Were your parents divorced? Have you or your spouse been divorced previously? Are you different religions? Are you poor? Younger than age 26 when you married?

Answer yes to any of these and your odds at a successful marriage are diminished. Even living together before marriage - something nearly two-thirds of all couples do - can elevate your chances for divorce by 15 percent, Markman said.

"Being less committed makes them less resistant to divorce," said psychologist Scott Stanley, a colleague at the Denver center. "For them, marriage becomes less important, less special."

Even more critical are what Markman calls the "dynamic" factors. Using extensive questionnaires and videotaped interviews researchers study how couples relate to each other in considerable detail.

Do they avoid conflict? Do they not communicate effectively? Are their arguments highly negative or accusatory? Has there been physical abuse? Do they have irrational expectations of marriage or their partners? Is there a lack of commitment or motivation?

While the static factors like divorce history or religion are unchangeable, couples can do something about the dynamic factors, the researchers note.

Improving a marriage doesn't necessarily require complete personality overhauls, either. The Denver researchers have developed a program that requires just 12 hours over three days to complete.

Called PREP for "Prevention and Relationship Enhancement Program," the workshop teaches couples how to communicate more effectively and manage conflicts. It is not unique, Markman noted. Other courses with similar goals have sprung up across the country as part of a "marriage education" movement.

The results are encouraging. Couples who completed the PREP course in one five-year Denver study were one-sixth as likely to divorce as those who hadn't.

But critics point out that such studies tend to be flawed - couples are not selected at random, and those who seek marriage education are probably less likely to divorce anyway. Even Markman admits that more long-term studies are needed.

Nevertheless, the fact that the risks of divorce can be predicted so easily shouldn't be discouraging: Growing numbers of studies strongly suggest couples can at least improve their odds at happiness.

"You have to make your partner and your marriage an important priority in your life," Markman said. "Go out and have fun. But you also have to treasure your partner, honor your partner."

Relationship Red Light

Can your relationship be saved? Denver researchers use this test to predict whether relationships are headed for trouble. Evaluate the following statements for yourself, not your partner, using a 3-point scale:

1 = almost never

2 = once in a while

3 = frequently

* Little arguments escalate into ugly fights with accusations, criticisms, name-calling or bringing up past hurts.

* My partner criticizes or belittles my opinions, feelings or desires.

* My partner seems to view my words or actions more negatively than I mean them to be.

* When we have a problem to solve, it is as if we were on opposite teams.

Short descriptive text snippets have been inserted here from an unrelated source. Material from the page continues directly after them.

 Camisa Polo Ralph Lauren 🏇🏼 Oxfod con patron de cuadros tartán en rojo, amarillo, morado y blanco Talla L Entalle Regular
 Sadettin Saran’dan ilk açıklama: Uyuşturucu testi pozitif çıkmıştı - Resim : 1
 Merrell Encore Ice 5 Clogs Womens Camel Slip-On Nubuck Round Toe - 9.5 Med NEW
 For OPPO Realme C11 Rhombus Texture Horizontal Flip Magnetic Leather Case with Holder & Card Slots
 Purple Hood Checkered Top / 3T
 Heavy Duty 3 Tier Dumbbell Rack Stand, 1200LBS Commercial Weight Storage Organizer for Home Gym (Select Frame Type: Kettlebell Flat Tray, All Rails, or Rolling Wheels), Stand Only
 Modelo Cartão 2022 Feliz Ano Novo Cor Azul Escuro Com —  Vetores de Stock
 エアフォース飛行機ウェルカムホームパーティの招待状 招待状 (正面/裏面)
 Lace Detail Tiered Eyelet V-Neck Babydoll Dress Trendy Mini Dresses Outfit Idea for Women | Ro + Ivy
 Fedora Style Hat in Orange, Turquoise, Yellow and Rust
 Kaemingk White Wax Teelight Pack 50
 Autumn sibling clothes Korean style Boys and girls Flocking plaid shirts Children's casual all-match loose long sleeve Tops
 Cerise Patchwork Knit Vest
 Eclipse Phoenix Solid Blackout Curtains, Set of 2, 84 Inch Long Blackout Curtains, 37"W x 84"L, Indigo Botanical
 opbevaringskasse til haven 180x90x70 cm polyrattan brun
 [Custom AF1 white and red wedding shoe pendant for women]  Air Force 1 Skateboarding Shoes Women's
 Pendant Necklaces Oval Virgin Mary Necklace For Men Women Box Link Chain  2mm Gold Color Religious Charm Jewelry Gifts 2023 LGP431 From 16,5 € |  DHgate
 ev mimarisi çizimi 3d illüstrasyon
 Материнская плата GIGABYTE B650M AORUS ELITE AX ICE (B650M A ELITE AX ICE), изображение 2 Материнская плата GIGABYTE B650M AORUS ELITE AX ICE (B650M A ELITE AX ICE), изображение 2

* I hold back from telling my partner what I really think and feel.

* I think seriously about what it would be like to date or marry someone else.

* I feel lonely in this relationship.

* When we argue, one of us withdraws - that is, doesn't want to talk about it anymore or leaves the scene.

In a nationwide survey, the average score was 11. If you scored 13-17, it suggests "yellow light," a need to strengthen the relationship. Eighteen and higher is a red light, an indication that your relationship is at significant risk.